Monrovia – The President of the National Union of Organization of Disabled (NUOD) has cautioned persons with no physical deformity to desist from ill-treating persons with disabilities through actions or words.
“Disability is not for one person,” Ms. Naomi B. Harris, President of NUOD, cautioned anybody thinking that this abnormal bodily condition is reserved person with it.
Speaking further, Ms. Harris said: “Today, I am disabled; tomorrow, you could be disabled.”
Ms. Harris, moves in crutches, made the caveat at a one-day human rights training organized by organized by the National Association of Disabled Advocates (NADA), in collaboration with the National Union for Organizations for the Disabled (NUOD) of Liberia, held on 31st of March, 2017, at the Eco Hotel on 14th Street in Sinkor, Monrovia.

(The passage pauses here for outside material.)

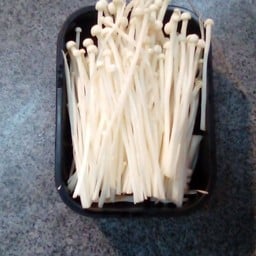 เห็ดเข็มทอง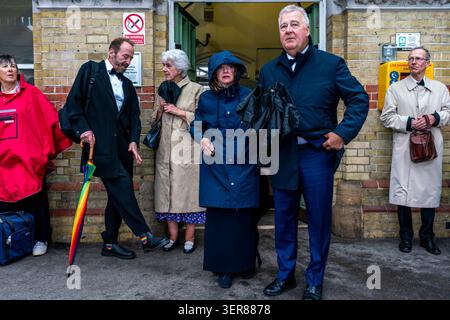 Opernfans kommen mit dem Zug am Bahnhof von Lewes an, um zum nahe gelegenen Glyndebourne Opera House in Lewes, Großbritannien, zu gelangen. Stockfoto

Ms. Harris is NUOD’s first female President, elected at the Union’s General Assembly/Presidential and vice Presidential elections on March 17, 2017.
The Training, titled “Collaborative Training Session on the Referral Pathway with National Government Officials”, was about getting Liberia’s disabled groups on the Country’s Civic voter education campaign.
The Training, sponsored by the United Nations Missions in Liberia (UNMIL), is one of the Government of Liberia’s Quick Impact Projects.
Ms. Harris’ immediate predecessor, Rev. Fallah Boima, visually impaired, also cautioned on society’s negative perception or treatment of persons with disabilities. “Disability has no boundary, it knows nobody, and it knows no profession,” he said.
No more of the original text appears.